◆ Exercise data

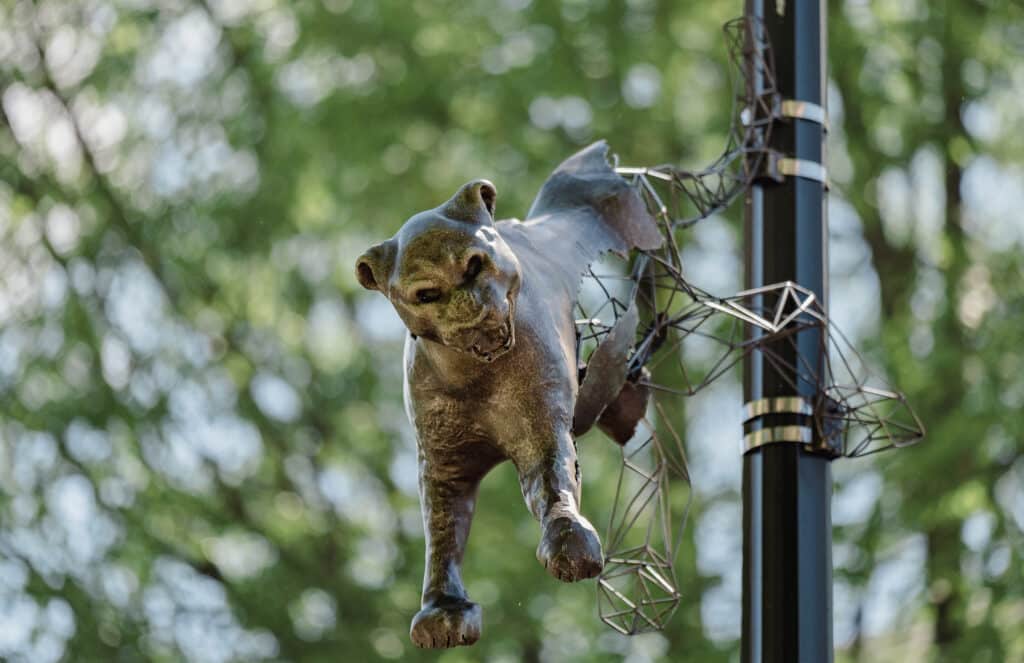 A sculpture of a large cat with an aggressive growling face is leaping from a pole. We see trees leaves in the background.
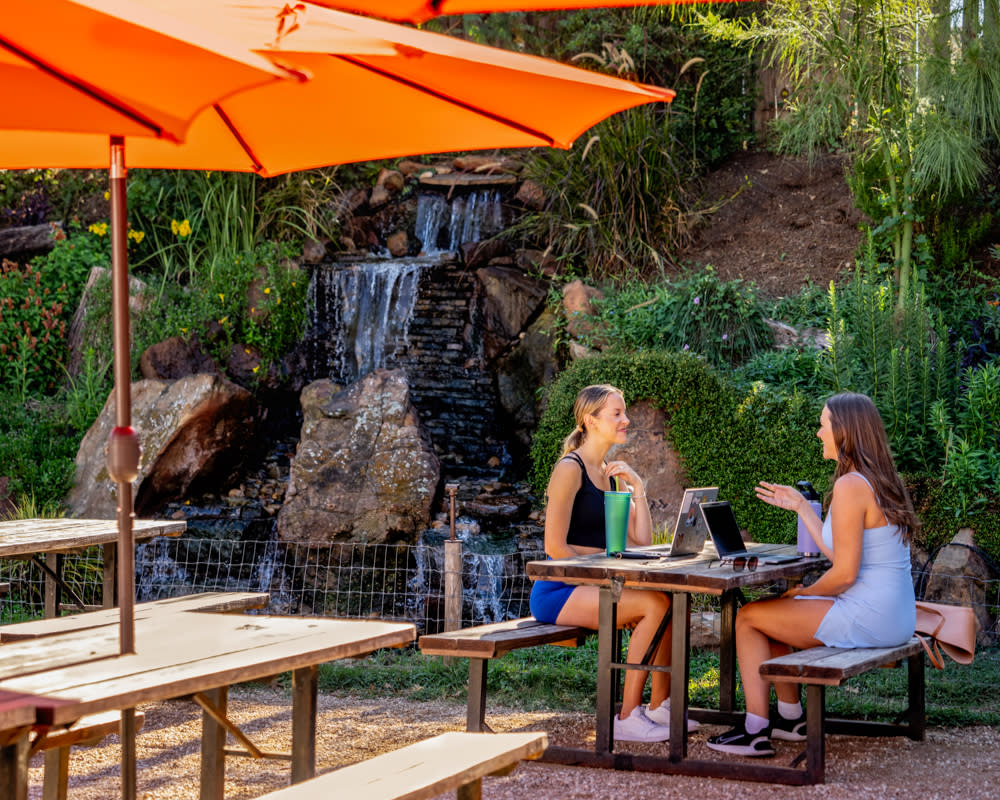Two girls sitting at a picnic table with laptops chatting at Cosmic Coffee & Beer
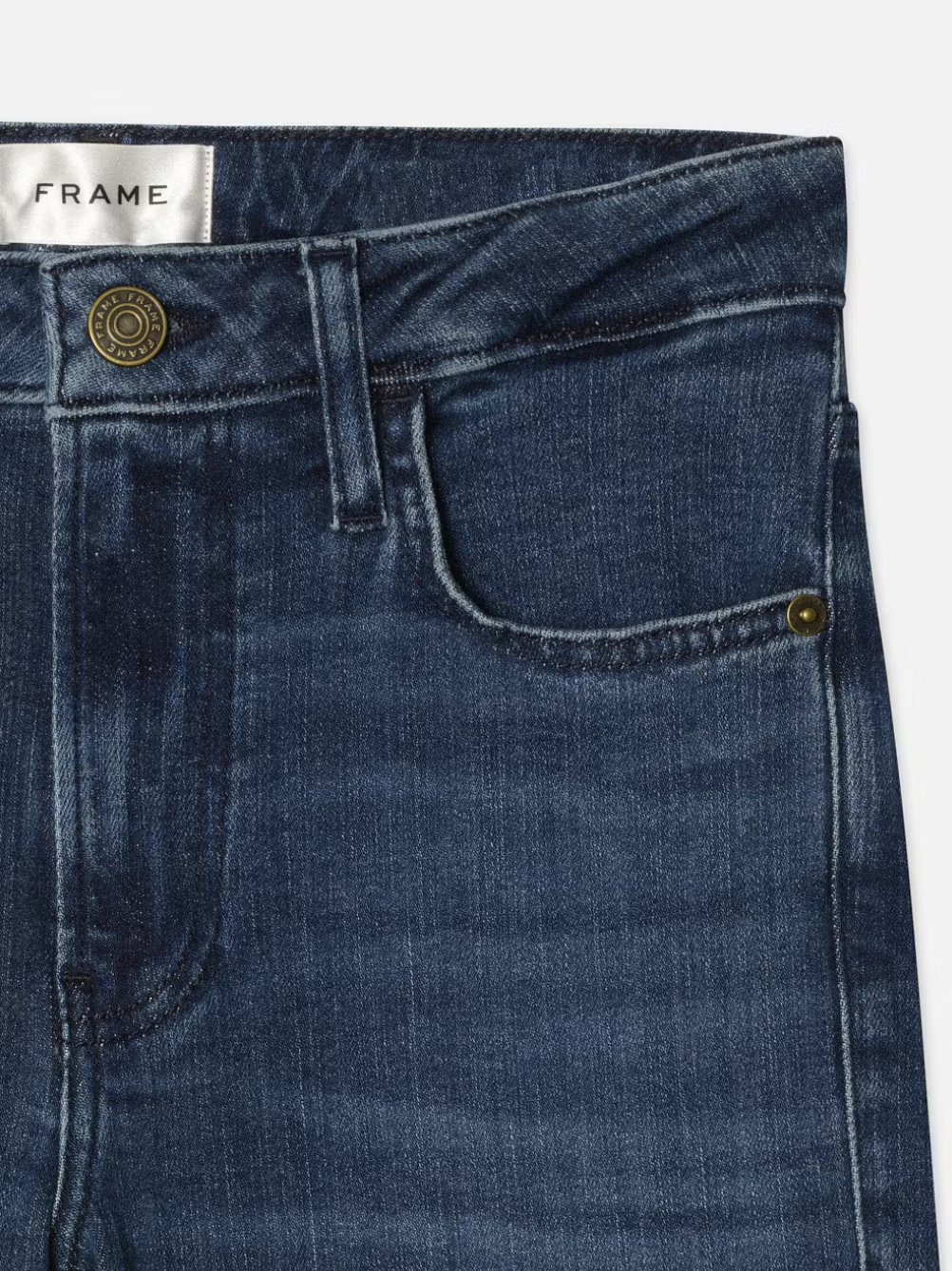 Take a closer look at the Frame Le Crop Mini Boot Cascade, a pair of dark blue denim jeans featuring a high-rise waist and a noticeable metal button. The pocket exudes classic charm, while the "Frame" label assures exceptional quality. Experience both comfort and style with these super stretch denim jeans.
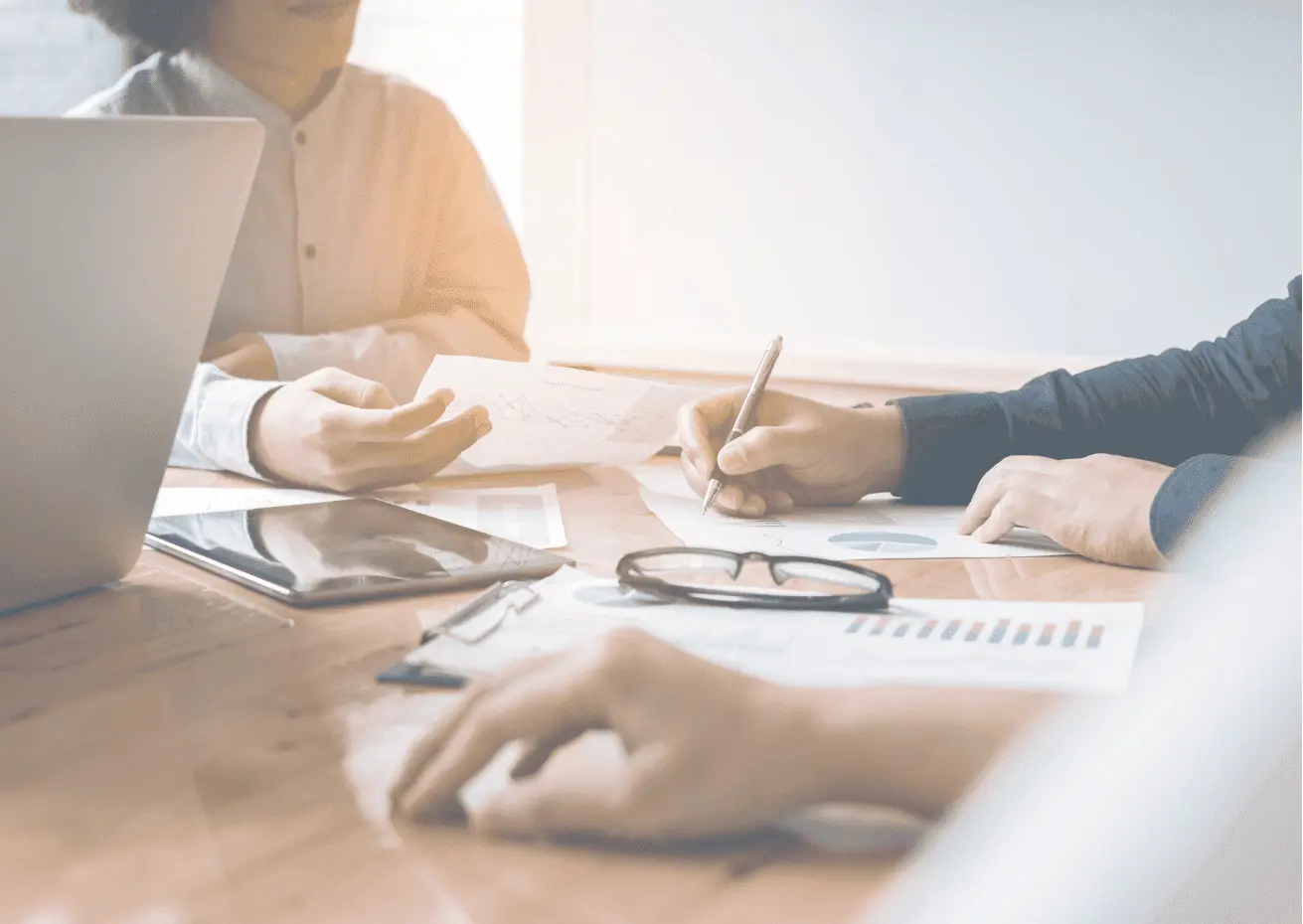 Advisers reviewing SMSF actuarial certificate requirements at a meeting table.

◆ Your task
Only the pictures are to be omitted; restate everything else above exactly.

◆ Response to the task
 A sculpture of a large cat with an aggressive growling face is leaping from a pole. We see trees leaves in the background.
Two girls sitting at a picnic table with laptops chatting at Cosmic Coffee & Beer
 Take a closer look at the Frame Le Crop Mini Boot Cascade, a pair of dark blue denim jeans featuring a high-rise waist and a noticeable metal button. The pocket exudes classic charm, while the "Frame" label assures exceptional quality. Experience both comfort and style with these super stretch denim jeans.
 Advisers reviewing SMSF actuarial certificate requirements at a meeting table.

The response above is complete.